People Must Change Diets To Prevent Global Health ‘Crisis’

Across the world, people need to change the way they eat and do it fast, according to a new report from a group scientists who are researching and promoting healthy and sustainable diets worldwide. An international team of scientists has developed a diet it says can improve health while ensuring sustainable food production to reduce […]

Across the world, people need to change the way they eat and do it fast, according to a new report from a group scientists who are researching and promoting healthy and sustainable diets worldwide.

An international team of scientists has developed a diet it says can improve health while ensuring sustainable food production to reduce further damage to the planet.

The “planetary health diet” is based on cutting red meat and sugar consumption in half and upping intake of fruits, vegetables and nuts.

And it can prevent up to 11.6 million premature deaths without harming the planet, says the report published Wednesday in the medical journal The Lancet.

The authors warn that a global change in diet and food production is needed as 3 billion people across the world are malnourished — which includes those who are under and overnourished — and food production is overstepping environmental targets, driving climate change, biodiversity loss and pollution, Cnet reported.

The world’s population is set to reach 10 billion people by 2050; that growth, plus our current diet and food production habits, will “exacerbate risks to people and planet,” according to the authors.

“The stakes are very high,” Dr. Richard Horton, editor in chief at The Lancet, said of the report’s findings, noting that 1 billion people live in hunger and 2 billion people eat too much of the wrong foods.

Horton believes that “nutrition has still failed to get the kind of political attention that is given to diseases such as AIDS, tuberculosis, malaria.”

“Using best available evidence” of controlled feeding studies, randomized trials and large cohort studies, the authors came up with a new recommendation, explained Dr.
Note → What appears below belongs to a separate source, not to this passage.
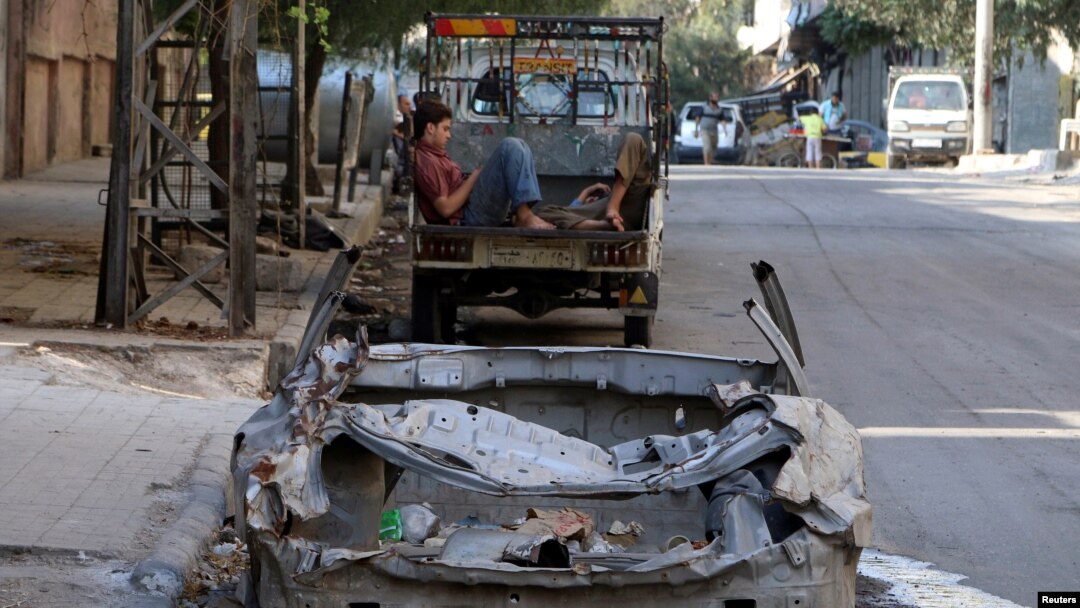 Men rest at the back of a pickup truck near a damaged car in the rebel held al-Katerji district in Aleppo, Syria, Aug. 13, 2016.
Walter Willett, lead author of the paper and a professor of epidemiology and nutrition at the Harvard T.H. Chan school of public health.

The report suggests five strategies to ensure people can change their diets and not harm the planet in doing so: incentivizing people to eat healthier, shifting global production toward varied crops, intensifying agriculture sustainably, stricter rules around the governing of oceans and lands, and reducing food waste.

The ‘planetary health diet

To enable a healthy global population, the team of scientists created a global reference diet, that they call the “planetary health diet,” which is an ideal daily meal plan for people over the age of 2, that they believe will help reduce chronic diseases such as coronary heart disease, stroke and diabetes, as well as environmental degradation.

The diet breaks down the optimal daily intake of whole grains, starchy vegetables, fruit, dairy, protein, fats and sugars, representing a daily total calorie intake of 2500.

They recognize the difficulty of the task, which will need “substantial” dietary shifts on a global level, needing the consumption of foods such as red meat and sugar to decrease by more than 50%. In turn, consumption of nuts, fruits, vegetables, and legumes must increase more than two-fold, the report says.

The diet advises people consume 2,500 calories per day, which is slightly more than what people are eating today, said Willett. People should eat a “variety of plant-based foods, low amounts of animal-based foods, unsaturated rather than saturated fats, and few refined grains, highly processed foods and added sugars,” he said.

Regional differences are also important to note. For example, countries in North America eat almost 6.5 times the recommended amount of red meat, while countries in South Asia eat 1.5 times the required amount of starchy vegetables.

“Almost all of the regions in the world are exceeding quite substantially” the recommended levels of red meat, Willett said.

The health and environmental benefits of dietary changes like these are known, “but, until now, the challenge of attaining healthy diets from a sustainable food system has been hampered by a lack of science-based guidelines, said Howard Frumkin, Head of UK biomedical research charity The Wellcome Trust’s Our Planet Our Health program. The Wellcome Trust funded the research.

“It provides governments, producers and individuals with an evidence-based starting point to work together to transform our food systems and cultures,” he said.

If the new diet were adopted globally, 10.9 to 11.6 million premature deaths could be avoided every year — equating to 19% to 23.6% of adult deaths. A reduction in sodium and an increase in whole grains, nuts, vegetables and fruits contributed the most to the prevention of deaths, according to one of the report’s models.